Framer is a solid SEO platform. Clean HTML output, automatic sitemaps, CDN hosting, and SSL give you a strong foundation without any setup work.

The gaps matter only at enterprise scale or for multilingual builds. For freelancers and agencies building client sites, the foundation is enough.

What actually moves rankings is the basics done consistently. Semantic HTML, unique meta titles and descriptions, correct heading structure, image alt text, and page speed. None of it is complicated in Framer. It just requires intentional setup rather than treating SEO as something to fix after design is done.

For migration: plan your redirects before launch day. That single step is the difference between a smooth transition and months of ranking recovery.

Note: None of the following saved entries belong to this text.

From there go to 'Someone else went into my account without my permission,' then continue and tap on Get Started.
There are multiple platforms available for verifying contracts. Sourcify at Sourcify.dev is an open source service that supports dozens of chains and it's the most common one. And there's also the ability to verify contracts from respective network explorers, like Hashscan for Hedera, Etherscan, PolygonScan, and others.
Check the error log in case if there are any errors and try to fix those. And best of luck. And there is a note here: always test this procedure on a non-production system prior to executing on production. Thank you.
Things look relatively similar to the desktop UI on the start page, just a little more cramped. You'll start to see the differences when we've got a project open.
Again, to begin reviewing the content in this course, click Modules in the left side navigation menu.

If you are building CMS-heavy sites with filtering, blog publishing schedules, or content management at scale, [FramerHub's plugin catalog](https://framerhub.io/plugins) covers the gaps Framer leaves. Trusted by 1,500+ Framer professionals. One-time pricing.

---

## FAQ

**Is Framer good for SEO?**

Yes, for most sites. Framer outputs clean semantic HTML, auto-generates sitemaps and robots.txt, serves over a global CDN, and includes free SSL. Where it falls short: custom canonical URLs require an Enterprise plan, hreflang tags need workarounds, and robots.txt customization is limited. For freelancers and agencies, the built-in foundation is solid.

**Does migrating to Framer hurt SEO?**

Migration does not hurt SEO. Poor execution does. The two biggest risks are URL changes without 301 redirects and missing metadata after migration. Sites that set up redirects, preserve metadata, and keep content depth typically stabilize within 2 to 4 weeks. Sites that skip redirects can take 6 to 12 months to recover.

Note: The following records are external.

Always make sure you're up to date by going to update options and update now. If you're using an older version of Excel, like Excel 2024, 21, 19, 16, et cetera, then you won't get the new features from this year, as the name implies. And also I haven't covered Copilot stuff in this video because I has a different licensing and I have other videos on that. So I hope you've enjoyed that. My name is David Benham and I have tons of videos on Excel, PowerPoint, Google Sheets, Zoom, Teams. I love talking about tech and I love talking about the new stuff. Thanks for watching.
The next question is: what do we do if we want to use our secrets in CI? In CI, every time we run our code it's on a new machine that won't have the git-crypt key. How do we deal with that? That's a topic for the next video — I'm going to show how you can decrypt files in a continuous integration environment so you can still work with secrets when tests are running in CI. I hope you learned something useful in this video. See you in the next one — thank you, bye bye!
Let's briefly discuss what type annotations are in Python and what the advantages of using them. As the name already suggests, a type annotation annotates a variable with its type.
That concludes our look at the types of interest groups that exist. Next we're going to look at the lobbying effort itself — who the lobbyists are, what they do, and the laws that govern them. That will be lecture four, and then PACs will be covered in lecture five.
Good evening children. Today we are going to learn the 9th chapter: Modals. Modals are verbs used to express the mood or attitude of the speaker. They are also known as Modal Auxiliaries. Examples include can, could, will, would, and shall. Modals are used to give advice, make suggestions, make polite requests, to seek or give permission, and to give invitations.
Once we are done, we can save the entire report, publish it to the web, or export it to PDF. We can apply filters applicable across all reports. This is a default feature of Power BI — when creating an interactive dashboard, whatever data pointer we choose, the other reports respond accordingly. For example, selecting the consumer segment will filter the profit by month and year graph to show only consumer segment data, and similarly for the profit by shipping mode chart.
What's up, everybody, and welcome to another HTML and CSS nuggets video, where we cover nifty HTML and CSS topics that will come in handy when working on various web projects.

**Where do I set meta titles and descriptions in Framer?**

Open Site Settings > SEO for site-wide defaults. For per-page settings, click the page canvas, open the right panel, and navigate to the SEO tab. Set a unique title under 60 characters and a description under 155 characters for each page.

**Does Framer auto-generate a sitemap?**

Yes. Framer automatically generates a sitemap.xml and robots.txt for every published site. Submit the sitemap URL (`yourdomain.com/sitemap.xml`) to Google Search Console after publishing.

**Can I add structured data (schema markup) to a Framer site?**

Yes, via custom code injection. Add JSON-LD schema to the page `<head>` through Framer's custom code panel at Site Settings > Custom Code, or use per-page code inject. Works for Article, FAQPage, LocalBusiness, BreadcrumbList, and other schema types.